===== Extracted data

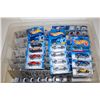 Image 2 : HOT WHEELS RUBBERMAID CONTAINING 90+ MIXED PORSCHE, AUDI ETC. MINT ON BOARD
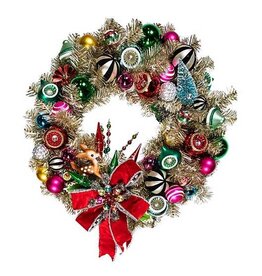 Mackenzie-Childs Granny Kitsch Illuminated Wreath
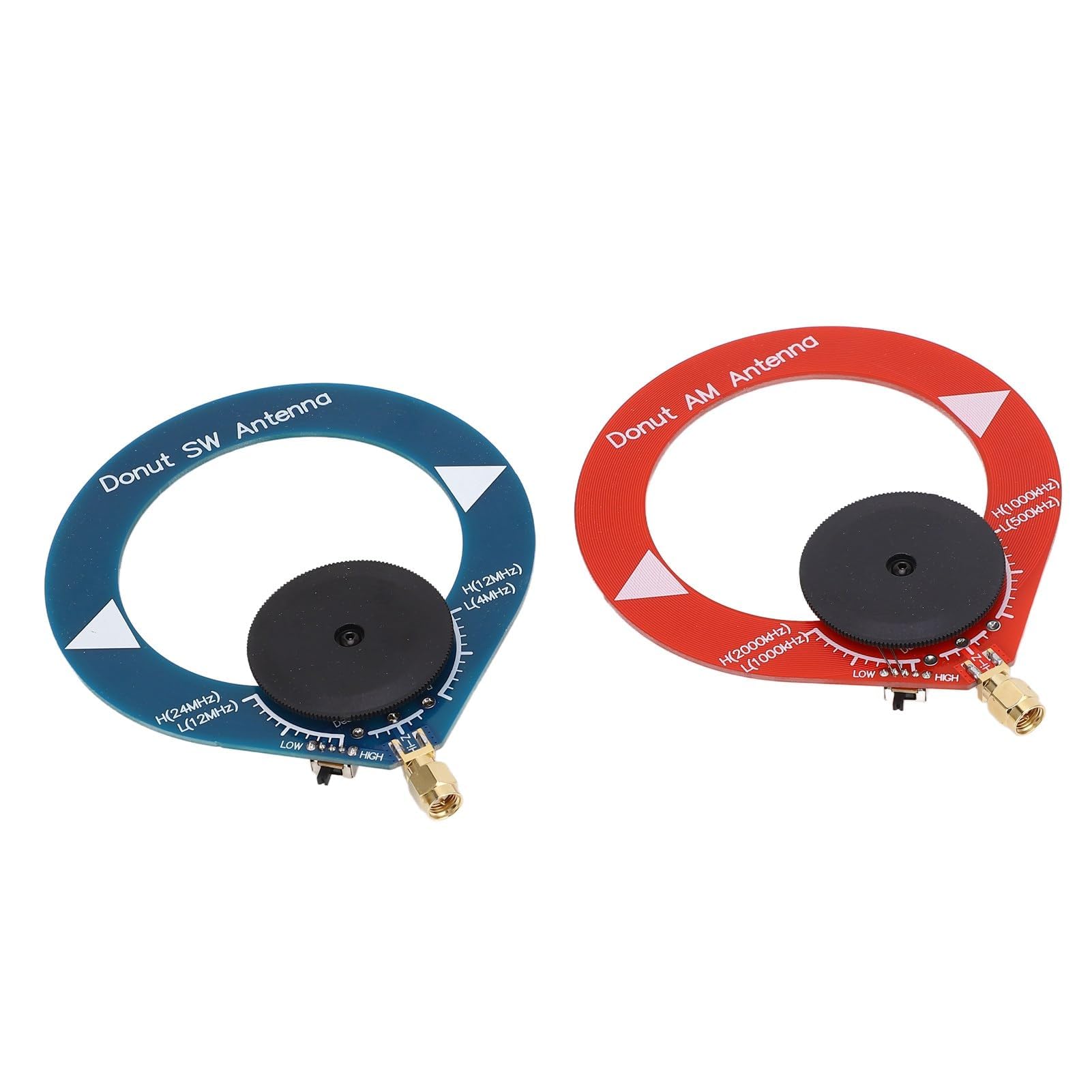 Antenne Donut AM, 2 Pièces Antenne Donut AM MW SW Antenne à Boucle Portable pour Radio à Ondes Courtes, Antennes Radio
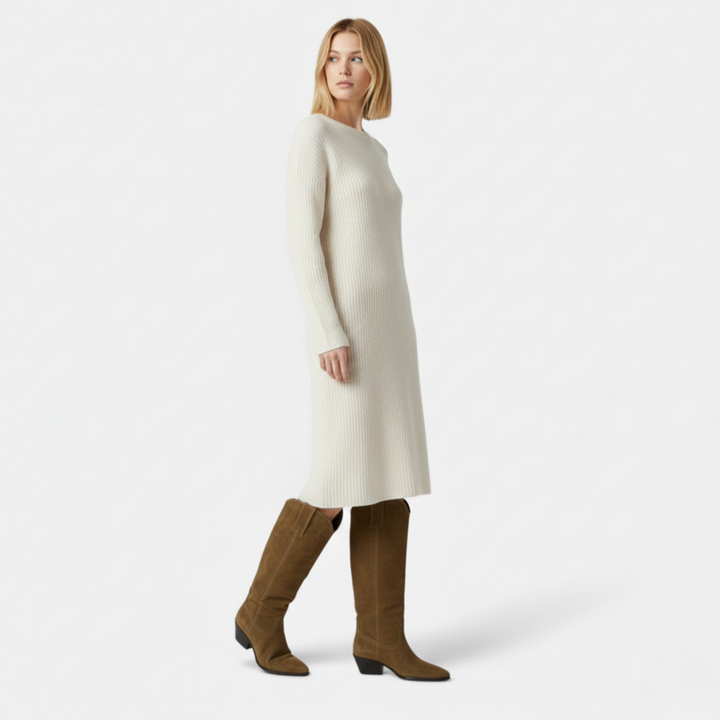 Mia | Elegant Brown Knee High Boots for Women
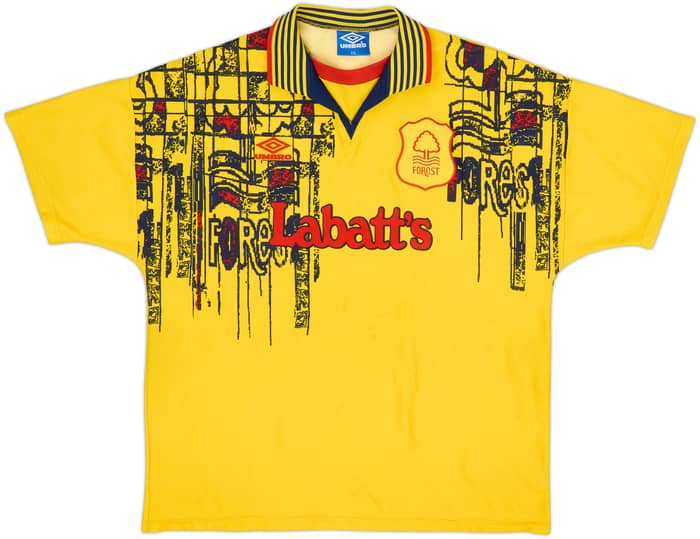 1995-97 Nottingham Forest Away Shirt Pearce #3 - 8/10 - (XXL)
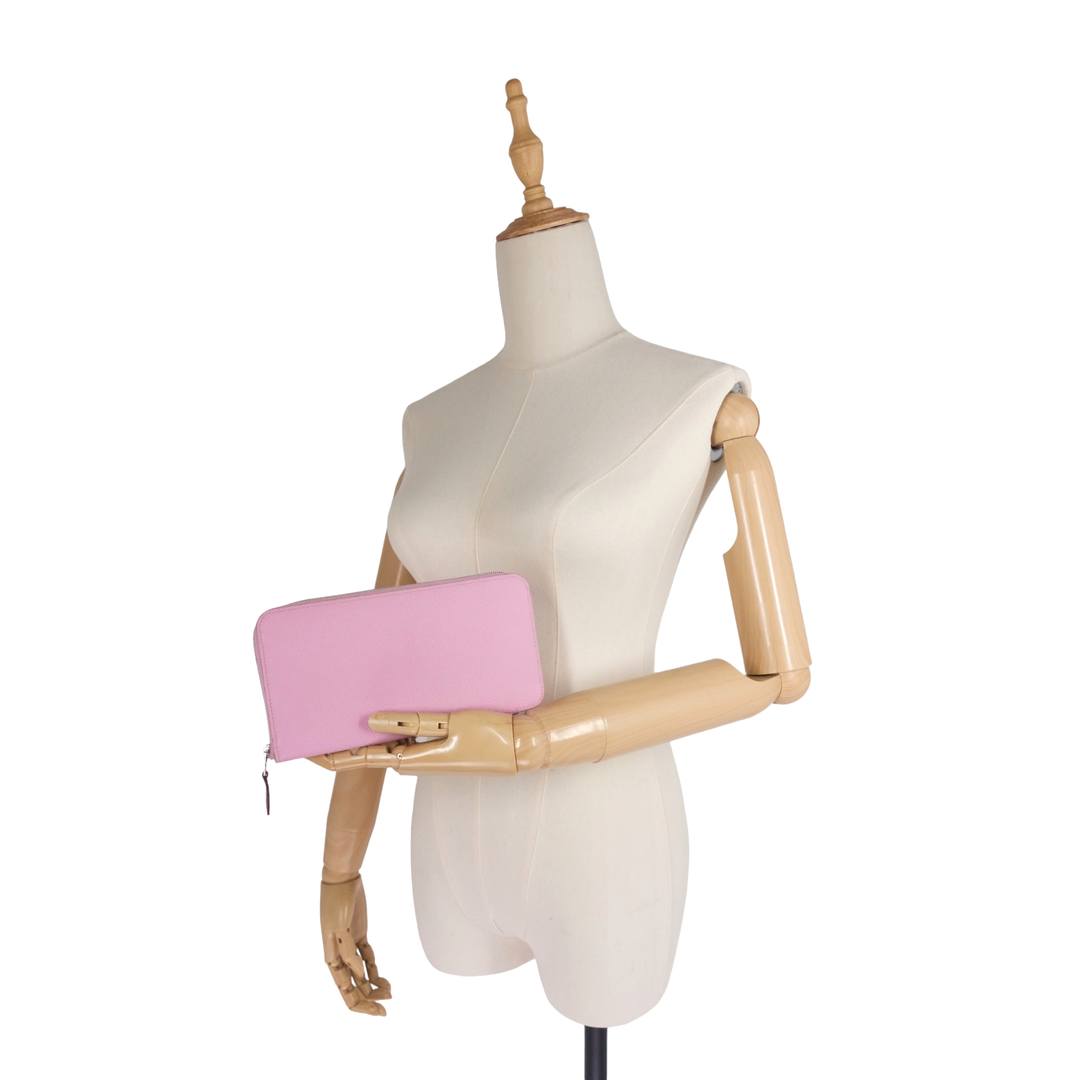 Silk'In Classic Long Leather Wallet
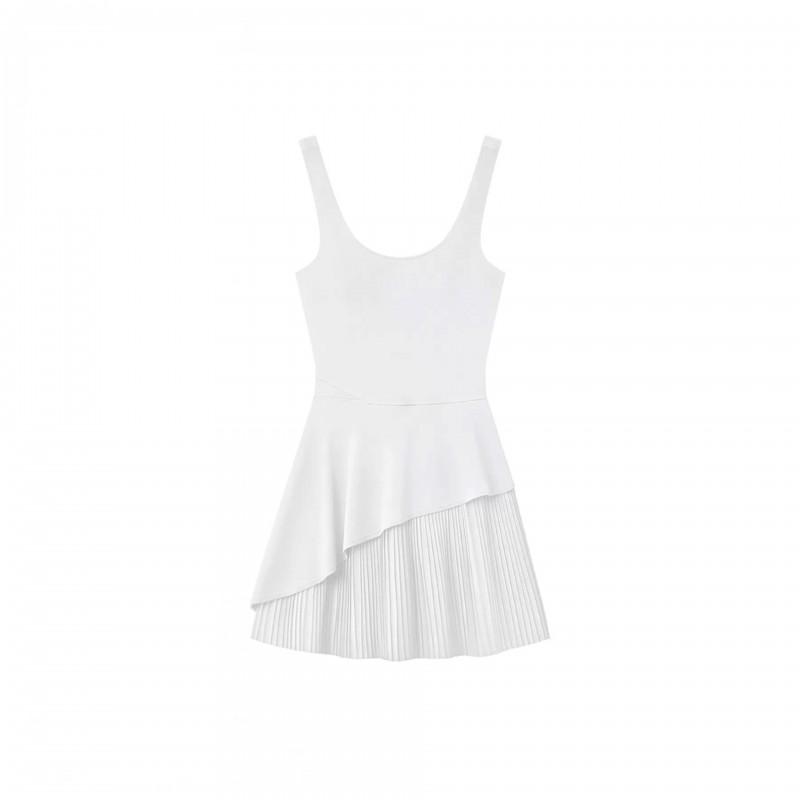 Womens Tennis Dress With Built-in Bra Pad Shorts Set Yoga Fitness Running Sportswear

==========

§ **Work item**: Transcribe every entry word for word, but skip the pictures.

§ **Answer to this exercise**:
 Image 2 : HOT WHEELS RUBBERMAID CONTAINING 90+ MIXED PORSCHE, AUDI ETC. MINT ON BOARD
 Mackenzie-Childs Granny Kitsch Illuminated Wreath
 Antenne Donut AM, 2 Pièces Antenne Donut AM MW SW Antenne à Boucle Portable pour Radio à Ondes Courtes, Antennes Radio
 Mia | Elegant Brown Knee High Boots for Women
 1995-97 Nottingham Forest Away Shirt Pearce #3 - 8/10 - (XXL)
 Silk'In Classic Long Leather Wallet
 Womens Tennis Dress With Built-in Bra Pad Shorts Set Yoga Fitness Running Sportswear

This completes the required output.